While the same drivers tend to find their way to the front on a 1.5-mile track, each of what many call the "cookie-cutter" courses have distinct personalities.
Does qualification matter at Kentucky Speedway? Based on the last couple of seasons it certainly would seem so.
Martin Truex Jr. posted back-to-back wins on this track after starting on the front row both times. His outside pole in 2017 and pole position last year was the vanguard of dominant performances by top qualifiers. In 2017, Kyle Busch finished fifth after winning the pole.
In 2017 six of the top eight qualifiers finished in the top 10. The only ones who missed that mark was Matt Kenseth, who started third and finished 17th and eighth-place qualifier Jimmie Johnson who crashed immediately and finished last.
Last year, the top seven finishers all started among the top 10.

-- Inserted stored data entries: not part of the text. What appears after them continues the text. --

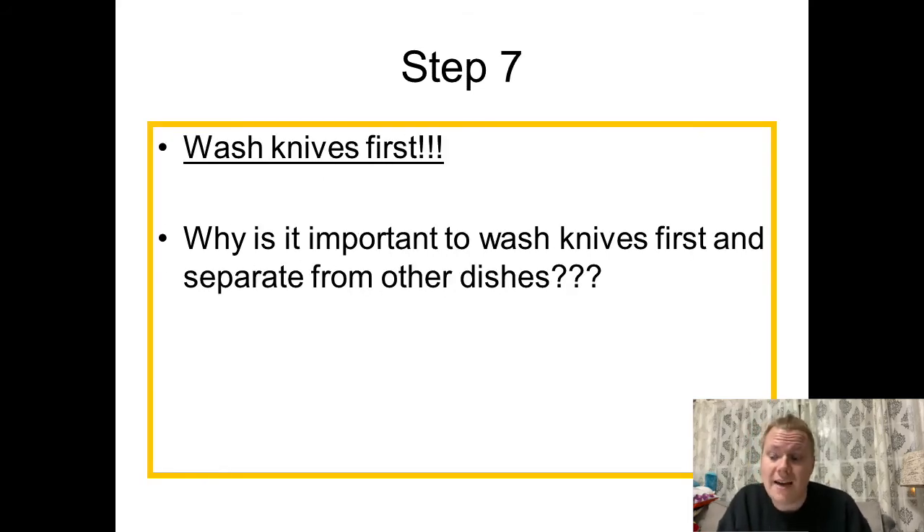Step seven: wash knives first. The reason you want to wash your knives first is because, one, you can get those sharp objects out of the way and you know what's in the sink. Secondly, if you wash everything else first and the dishwater becomes murky, then if you put knives in and reach in, you run the risk of cutting yourself — and we obviously don't want that.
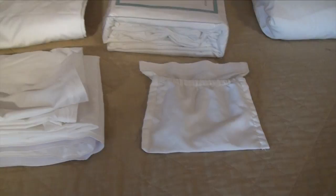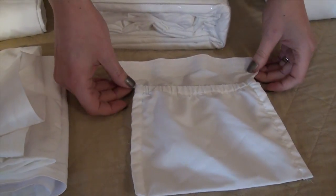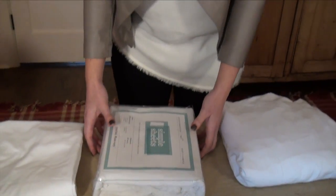Our favorite for most of our customers is the pocket that can be placed anywhere along the bed, making it easy to store your remote or your cell phone.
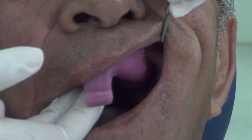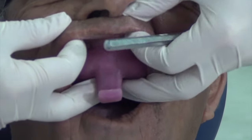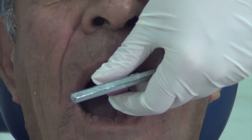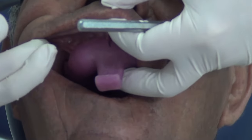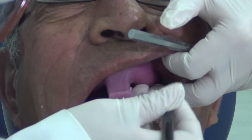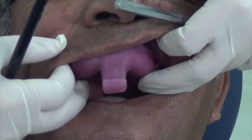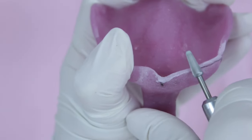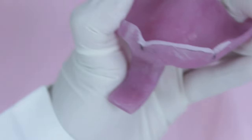Notice how more relief is required for the buccal frenum and the tray borders are slightly over-extended labially, so they need to be made shorter by one to two millimeters. Use an indelible pencil to mark the buccal and labial frenum and the over-extended borders. Trim away over-extensions using a chairside straight handpiece and an acrylic burr, trimming just until the previously marked line.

Even though this is an impound race, pay close attention to starting position when setting your roster.
Stewart-Haas Racing has been generally lackluster this season. As is often the case, when a negative reversal like this happens, it is the new member who seems to struggle most.
Daniel Suarez has had some solid runs, but he has also been inconsistent – and the ripple effect has hindered him in qualification and race trim both. With a sixth-place qualification effort at Charlotte Motor Speedway, it appeared he might be getting back into his rhythm, but he finished a lap off the pace in 18th. He rattled off three more good qualification runs and had two top-10s, but those stalled out at Sonoma Raceway and he has not been strong since.
However, there is good news. The only other time in his career Suarez won the pole was last July at Pocono Raceway. He had his best chance of winning a Cup race that week and finished second. Suarez was also solid in practice with the quickest 10-lap average in Happy Hour.
Aric Almirola was on his way to do pole-winning interviews when Suarez took the track. He was sitting on the provisional pole through a fourth of the field and no one seemed ready to take him down. Even though he got nudged to the outside of the front row, he should still be incredibly happy because this is the first time in his career that he qualified in the top 10. Despite a relatively modest effort of 12th last year, Almirola scored his first (and so far only) top-10 at Kentucky in eighth. Almirola has one pole earlier this year at Atlanta; he finished eighth in that race as well.
Truex was our favorite entering the weekend. We still believe he can score a top-five, but his ability to dominate might be in question. In the past two years, his stellar qualification efforts on this track allowed him to use clean air to scoot away from the field. The last time he qualified further back than the first two rows, he finished only 10th from seventh in 2016 and was 17th after starting fifth in 2015. This week, he qualified eighth.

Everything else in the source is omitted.